楊堅苦笑道:「微臣若是去了,只怕會屍首分離的回來。微臣死不足惜,可要是辦不成陛下的事情,那就糟了。」
「如此,那你去找一下竇毅吧,讓竇毅去一趟。」
宇文邕盯著遠方,也不知道自己現在是啥心情。
……
神策軍大營帥帳內,高伯逸微微睜開眼睛,看到鄭敏敏正一臉關切的看著自己。他現在每天都不能勞累,如果「用力過猛」,就會直接昏厥過去。
「京畿地區的各個縣城,都派人去了么?」
高伯逸輕聲問道。
「去了,有幾個縣城,都直接開城投降了。甚至還有宇文氏一族的族人,被當地世家豪強抓獲,送到我們大營里來了。

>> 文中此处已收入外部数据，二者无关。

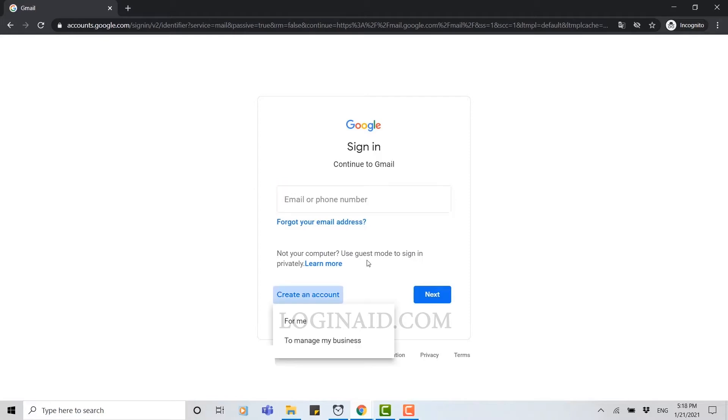You can see for me to manage my business. You're going to create a Gmail for your personal use, so you click in for me.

」
鄭敏敏一臉喜色,配合起雪白的長發,看起來有那一絲天真的嬌羞。
「很好,傳令下去,派人去縣城裡徵收糧食。凡是肯給我們糧食的,不要騷擾。告訴這些人,等我們滅了宇文氏以後,周國就是國土的一部分,他們亦是我們的子民。
到時候,天下一家,不是誰要去奴役誰。
但是呢,如果這些人一毛不拔,那麼則說明他們沒有把我們放在眼裡。至於信要怎麼寫,你來斟酌吧,明白我意思就行了。」
「知道啦,阿郎!」
果然還是有高伯逸在的時候最輕鬆了!
只要高伯逸在,鄭敏敏心中有一種很安全可靠的感覺。他哪怕不能動,麾下的神策軍將士見了,也不敢有絲毫的輕慢之心。
這就是傳說中的「主心骨」吧。
「還有啊,不要趁著我不能動,就對我做一些奇怪的事情啊。」
高伯逸無奈嘆息道:「難道你不能等我狀態好一點再親熱么?親得我滿臉口水的,唉。」
「等不了,一天都等不了,恨不得現在就跟你在長安的皇宮裡來一次轟轟烈烈的!哼!」
鄭敏敏在高伯逸臉上猛親了一下,扭著細腰走了,腳步都帶著飄。
很快,她又折返回來,扶著高伯逸的輪椅說道:「想起來了,楊素派來的使者到了,他已經帶兵進了關中,現在也有人幫我們殿後了,要去見一下楊素的人么?」
「去吧,反正閑著不也閑著么?」
……
這位周國的年輕皇帝,在長安中城這座要塞一般的小城池裡,不吃不睡已經一天一夜了。
竇毅拿著宇文邕的親筆信,已經去了齊軍,現在還沒有回來。
「陛下,皇后求見。」
楊堅輕聲在宇文邕耳邊說道。
「哪個皇后?」
宇文邕轉過頭來,眼圈都是黑的,整個人都萎靡了一圈。
說真的,他一直沒把阿史那玉茲當成是自己的皇后。給自己生了兒子的李娥姿才是!
「陛下,自然是突厥來的那位。」
楊堅平靜說道。
「她來做什麼,來看朕的笑話么?」
宇文邕有些不解的問道。
周國覆滅,這事情對阿史那玉茲來說,應該沒有切膚之痛吧?高伯逸屠了突厥兩萬人,可那些是部落軍,間接的,還幫了木杆可汗一個忙。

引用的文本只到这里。